Il reconnaît par ailleurs que l’extrait du journal des
débats ne porte pas mention de la réserve qu’il avait exprimée en chambre quant
à la portée de ses propos. Il annexe donc à
sa réplique l’extrait pertinent. Il cite les deux réserves:
«Si je peux faire un commentaire définitif, je ne voudrais pas vous
laisser croire que la SAAQ a dit, ce matin, que le système ne devrait pas être
changé.»
Et plus loin dans son intervention: « C’est rare, M.
le Président, que nous avons l’occasion en tant que gestionnaires d’État
d’évoquer notre droit de réserve, mais, sur ce point précis, je vais en
profiter pour exercer mon droit de réserve. Et, effectivement, nous avons eu
des discussions avec M. Ménard à cet égard, et je vais laisser le soin à M.
Ménard, là, d’apprécier ce que le gouvernement doit faire à cet égard.»
Analyse
La rigueur intellectuelle et professionnelle dont doivent faire preuve les médias et les journalistes constitue la garantie d’une information de qualité. Elle est donc synonyme d’exactitude, de précision, d’intégrité, et de respect des personnes, des événements et du public. Les médias et les professionnels de l’information ne doivent pas déformer la réalité en recourant au sensationnalisme.

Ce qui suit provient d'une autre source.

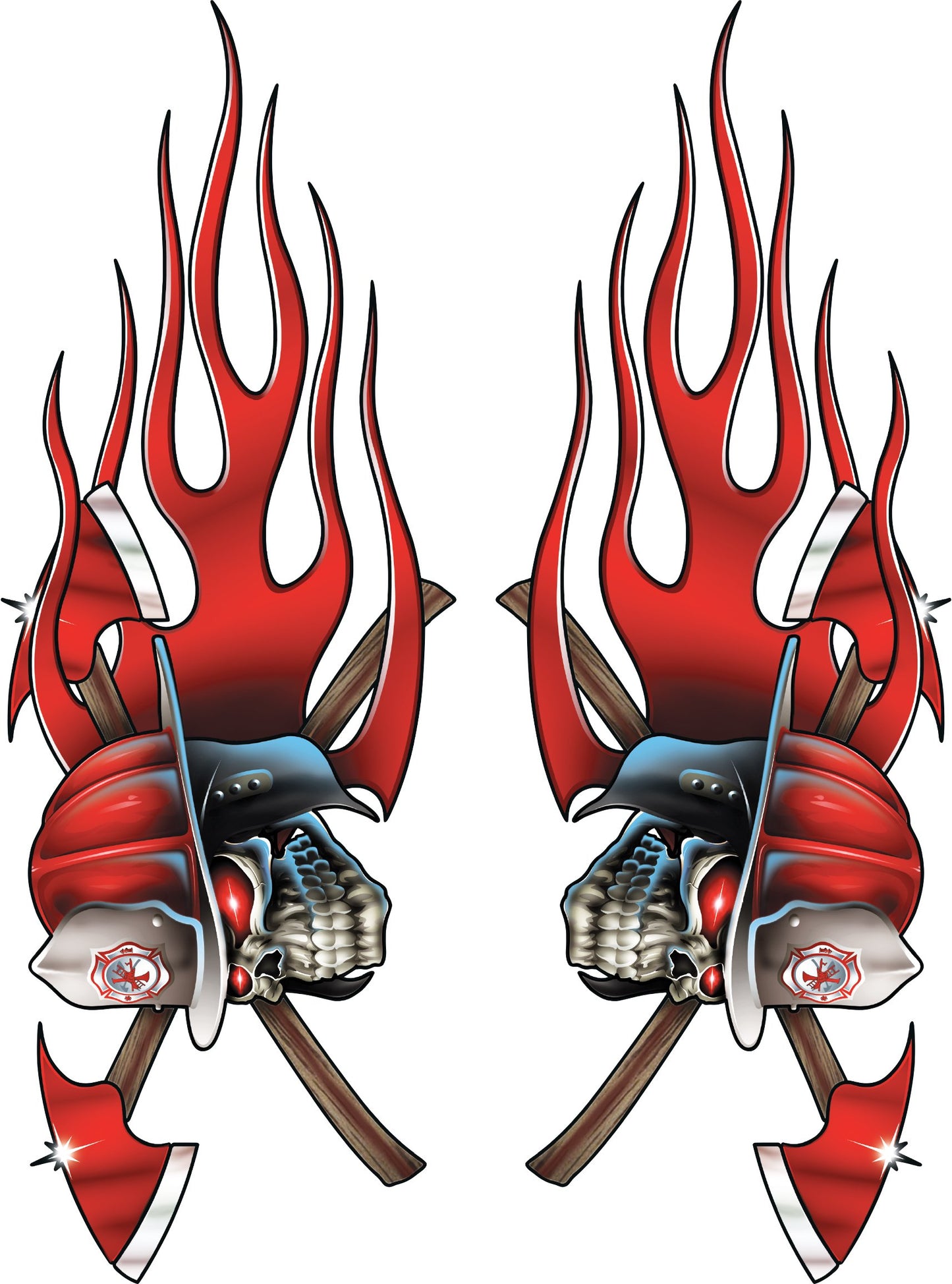 Fireman Skull Decal Set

En ce qui a trait à la nouvelle, au reportage et à l’analyse, les médias et les professionnels de l’information doivent s’en tenir à rapporter les faits et à les situer dans leur contexte sans les commenter. Ils doivent respecter l’authenticité et la provenance de l’information afin de ne pas induire le public en erreur sur la vraie nature des situations, ou encore sur l’exacte signification des événements.

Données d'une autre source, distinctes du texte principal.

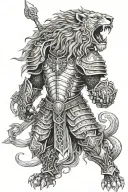 Fantasy warrior with a lion's head, standing in a battle pose, dressed in massive and detailed silver armor with carved  tattoo design idea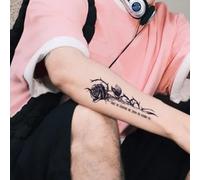 Rose | Adesivi per tatuaggi temporanei a base di erbe, stile dark con accenti inglesi, avambraccio, impermeabili e resistenti allo sfregamento, durano 2 settimane, tatuaggi finti(2pcs)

Dans cet article du 24 mai 2003, le journaliste Dominique Froment rapporte les propos que le plaignant, M. Brind’Amour, président de la SAAQ, avait tenus le 26 septembre 2002 devant la Commission parlementaire des transports et de l’environnement. Alors que le plaignant avait comparu devant cette Commission pour exposer un mémoire afin d’enrichir le débat et répondre aux éventuelles questions, le journaliste prête aux propos de M. Brind’Amour une portée qui ne correspond pas à la réalité, en l’absence d’une mise en contexte éclairante. Un tel manquement incite le lecteur à penser que le plaignant se place en opposition directe avec le ministre, M. Bellemare, sur la question de la révision du régime d’indemnisation de la SAAQ.
Le journaliste tire également des conclusions quelque peu hâtives des propos de M. Brind’Amour. Alors que celui-ci exposait différents questionnements à prendre en compte dans une réflexion sur le thème de la révision du régime d’indemnisation, le journaliste a rendu compte de ces paroles comme si elles constituaient des déclarations de fait.
Devant le manque de mise en contexte et de rigueur dont le journaliste a fait preuve, le Conseil retient la plainte à l’encontre du journaliste Dominique Froment et du journal Les Affaires.
Analyse de la décision
- C11F Titre/présentation de l’information
- C12D Manque de contexte
- C15A Manque de rigueur
- C15H Insinuations
Date de l’appel
4 June 2004
Décision en appel
Après examen et délibérations, les membres de la Commission
ont conclu à l’unanimité de maintenir la décision rendue en première instance,
s’appuyant en cela sur la déontologie du Conseil élaborée dans le document
Droits et responsabilités de la presse.